Prince Charles has landed in the Caribbean to witness some of the damage left by hurricanes earlier this year.
The trip over the weekend will be the first official visits to Antigua and Barbuda, Dominica and The British Virgin Islands for the heir to the throne.
Hurricanes Irma and Maria caused havoc in September 2017 to which the British Government has said they will “stand by” their financial commitment to the islands with £12million for Dominica and £3million for Antigua and Barbuda
While on his trip, the Prince of Wales will meet charities and organisations, such as the British Red Cross, that have set up relief efforts to help the citizens of the island.

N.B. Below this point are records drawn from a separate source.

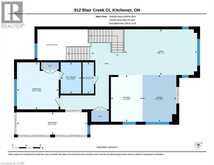 912 BLAIR CREEK Court | Kitchener Ontario | Slide Image Forty-seven
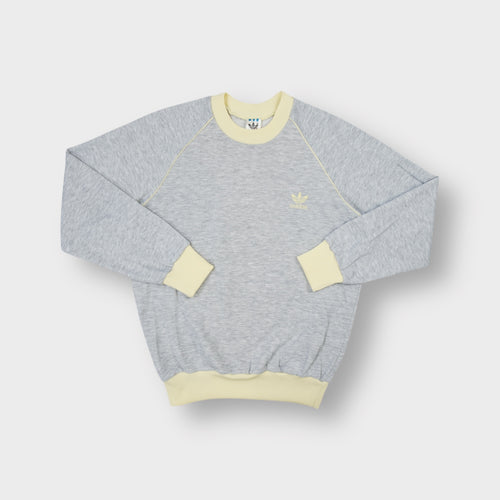 Vintage Adidas Sweater | S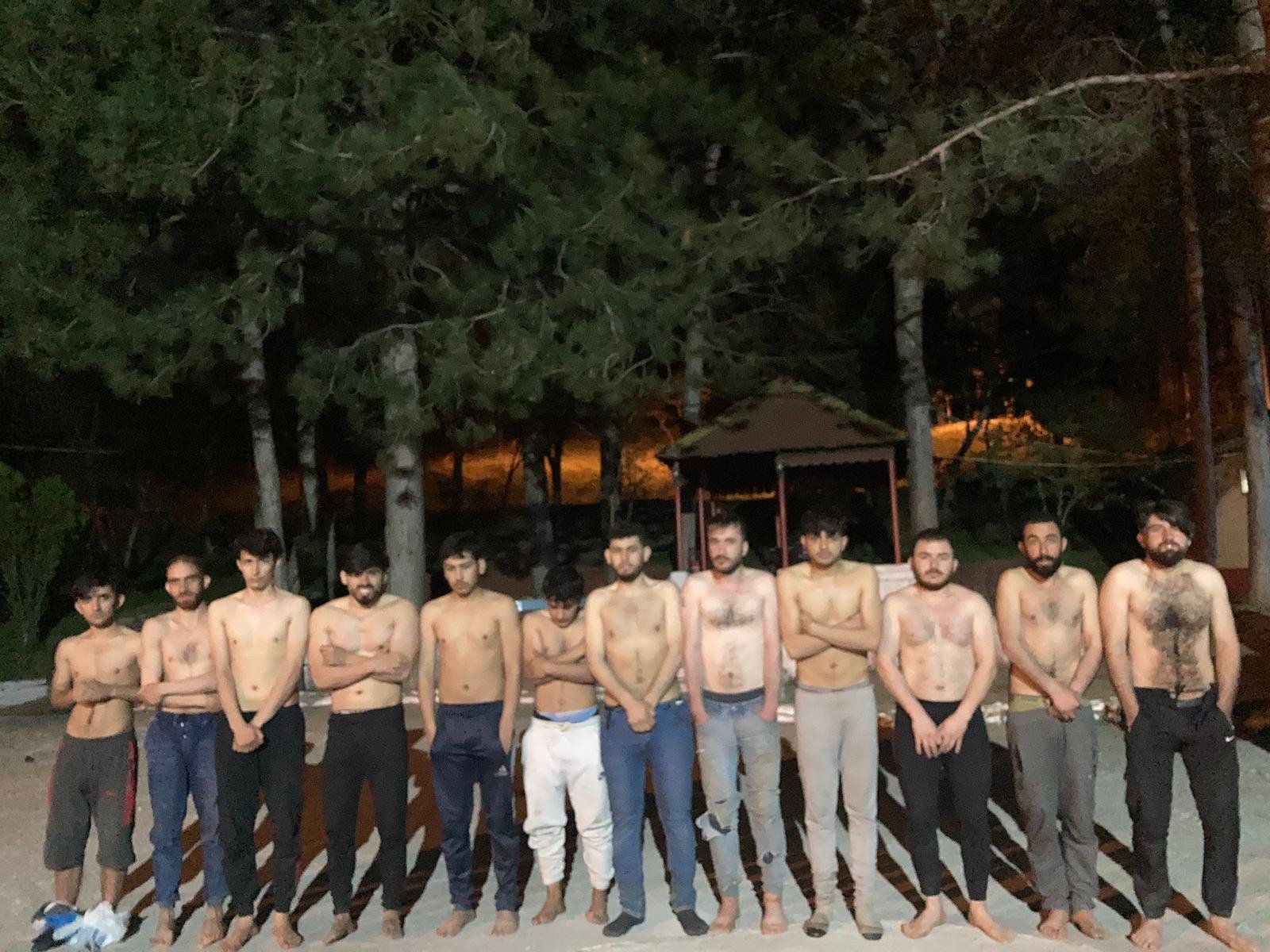 Best of Turkey naked men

Prince Charles landed on a scheduled British Airways flight with the new International Development Secretary Penny Mordaunt in Antigua and Barbuda Friday afternoon where the Governor General, Rodney Williams, and Prime Minister, Gaston Browne, met them at the airport. The prince’s youngest son, Prince Harry, visited the area in 2016.
Penny Mordaunt recently replaced Priti Patel, making this her first overseas trip.
Mordaunt said of the trip: “The UK aid mission was huge, covering small islands stretching more than 1,000 miles apart, where buildings, airports and infrastructure had been razed to the ground.
“I want to pay tribute to the governments of the Overseas Territories, our humanitarian staff and to the military effort, which has been absolutely essential in delivering relief.
“Now as we move on from the immediate response phase, on to the long-term future of the islands, Britain will continue to stand by people whose lives were devastated.
“We are also talking to the international private sector who can support the reconstruction efforts to make sure the islands can build back, and better.”
HRH’s first order of business was a shelter in Antigua for Barbudan evacuees. The prince heard “how the community helped to support those evacuated from Barbuda in many ways, including donating clothes and food,” according to Clarence House.
Prince Charles spoke to families affected by the evacuations and crouched down to speak with a group of children busy colouring.
Many Antiguans have donated clothes, toys and food for the Barbudan evacuees. Some have even opened their homes for their neighbours.